--- EXTRACTED RECORDS Enclosed Below ---

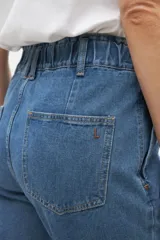 Pantalón de jean celeste, corte paperbag, tiro alto y corte holgado.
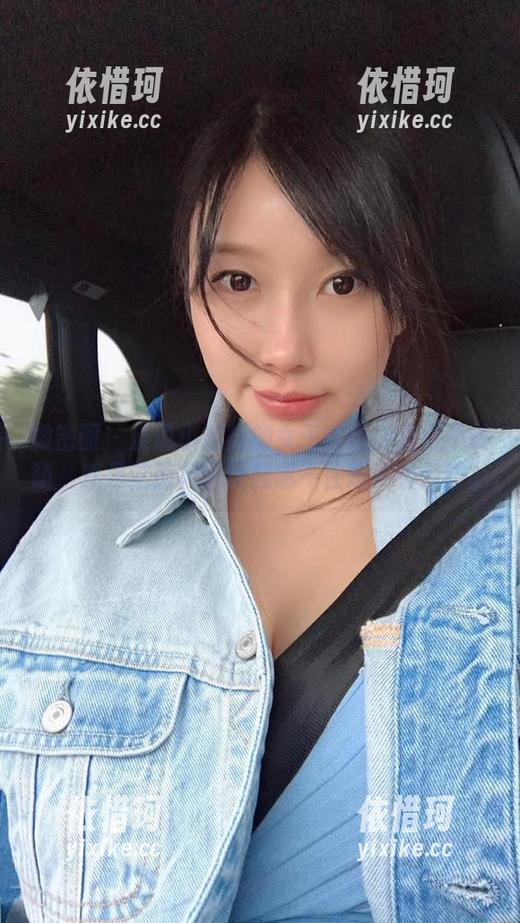微密圈 - 别说小芯酱的女王套图让我目不转睛，就是这画风也让我忍不住想多看几眼。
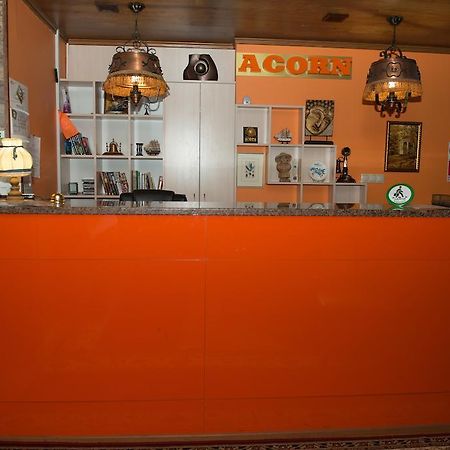 Hotel Acorn Ирпин Екстериор снимка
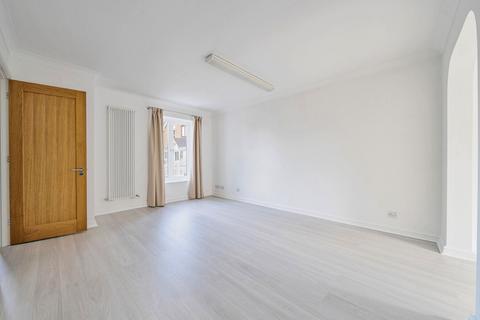 4 Tangmere Grove, Kingston Upon Thames, KT2 5GT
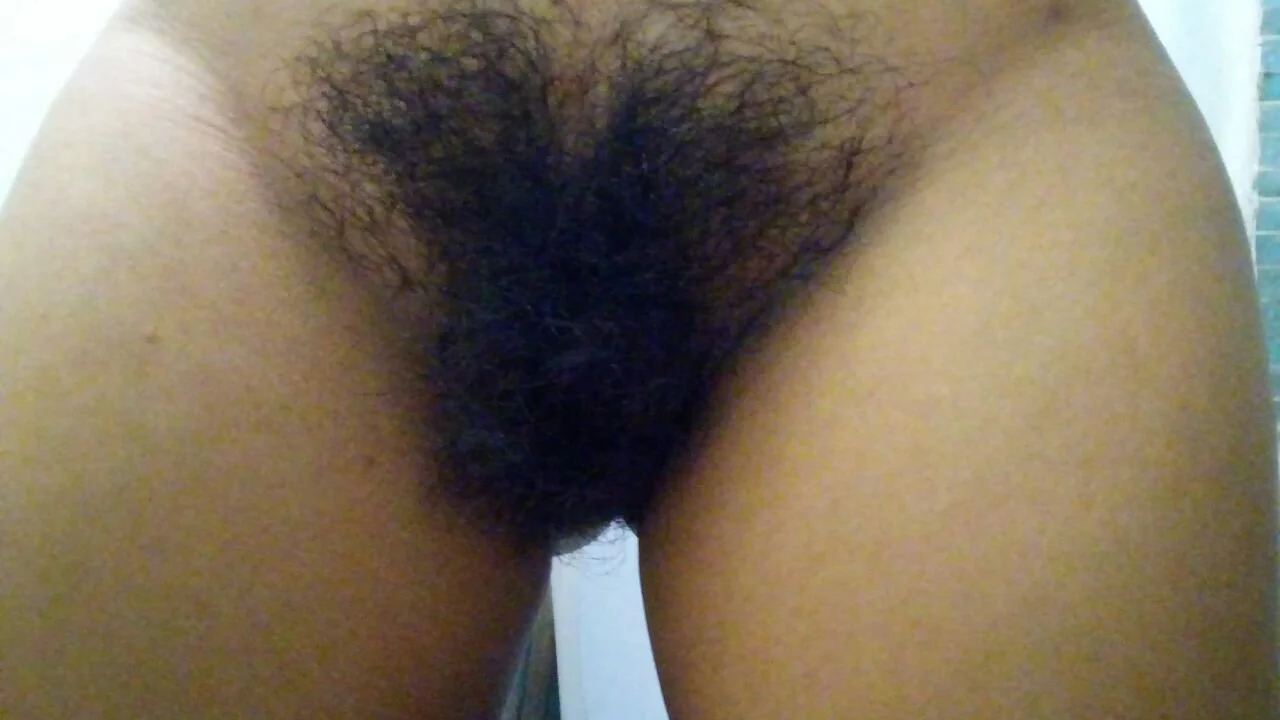 Le gusta mostrar su culo image 8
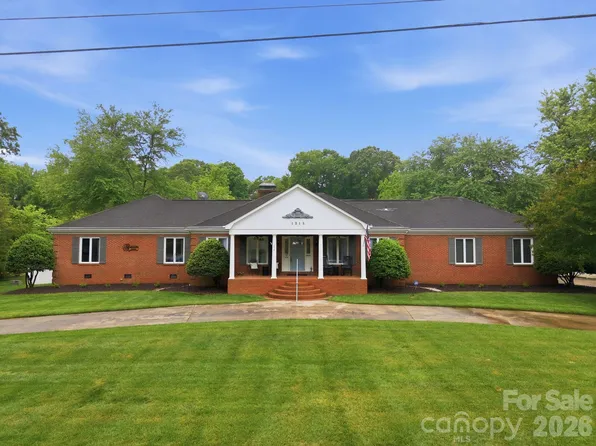 1215 Hillside Dr, Gastonia, NC 28052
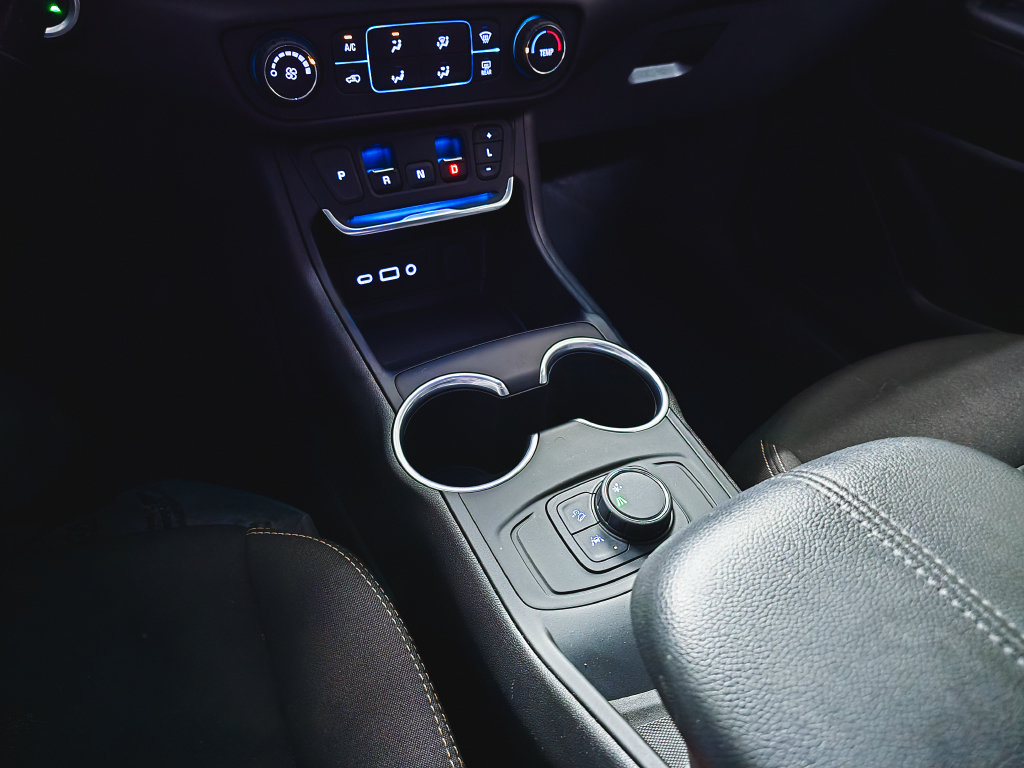 Used 2020 GMC Terrain SLE FWD image 30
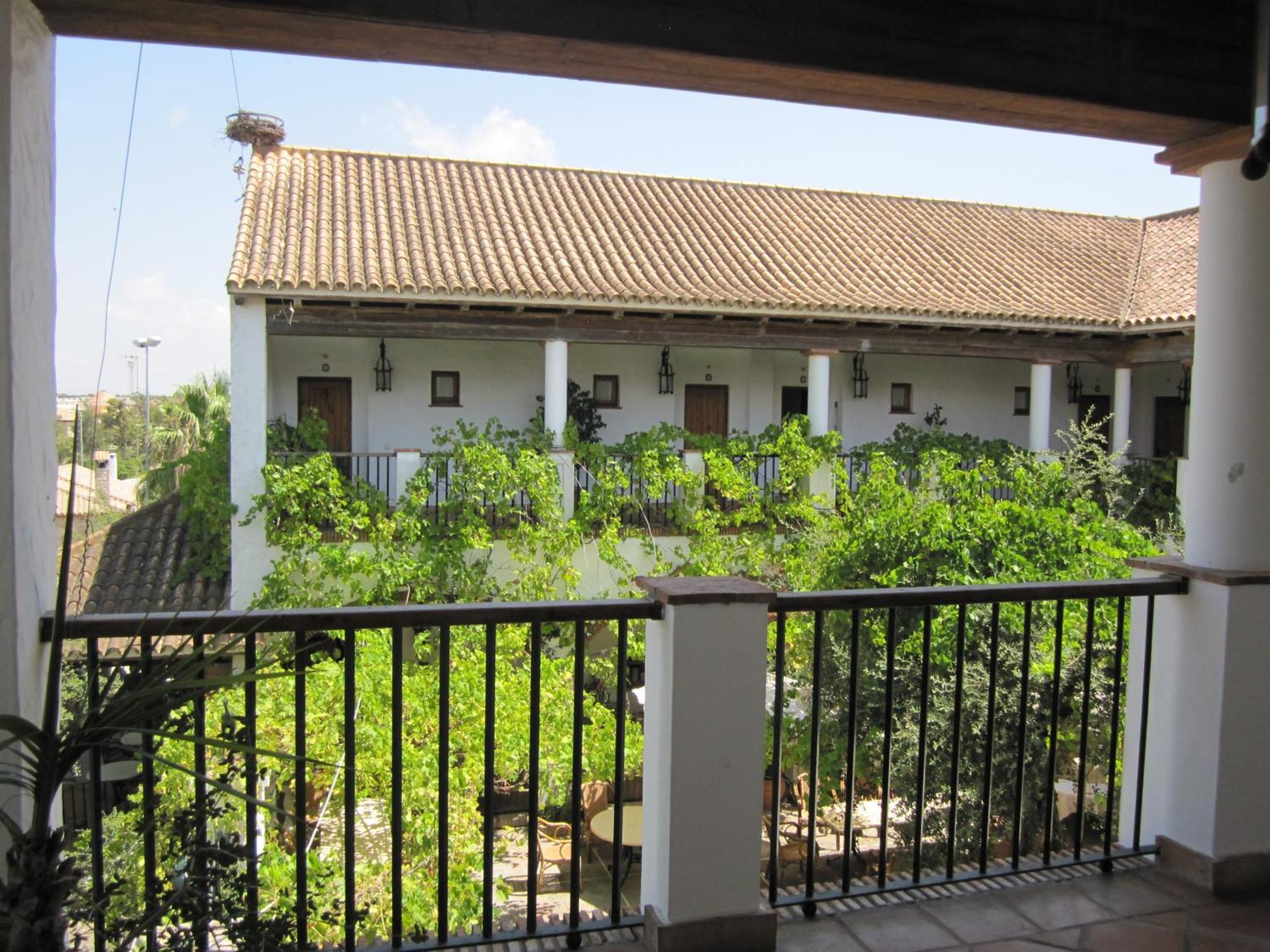 Hotel Cortijo Las Grullas Benalup-Casas Viejas Exterior photo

--- End of Enclosed EXTRACTED RECORDS ---

Please transcribe exactly the lines from the one containing "4 Tangmere Grove, Kingston" through the last line of the records above, both included, and leave out every picture.

REPLY:
 4 Tangmere Grove, Kingston Upon Thames, KT2 5GT
 Le gusta mostrar su culo image 8
 1215 Hillside Dr, Gastonia, NC 28052
 Used 2020 GMC Terrain SLE FWD image 30
 Hotel Cortijo Las Grullas Benalup-Casas Viejas Exterior photo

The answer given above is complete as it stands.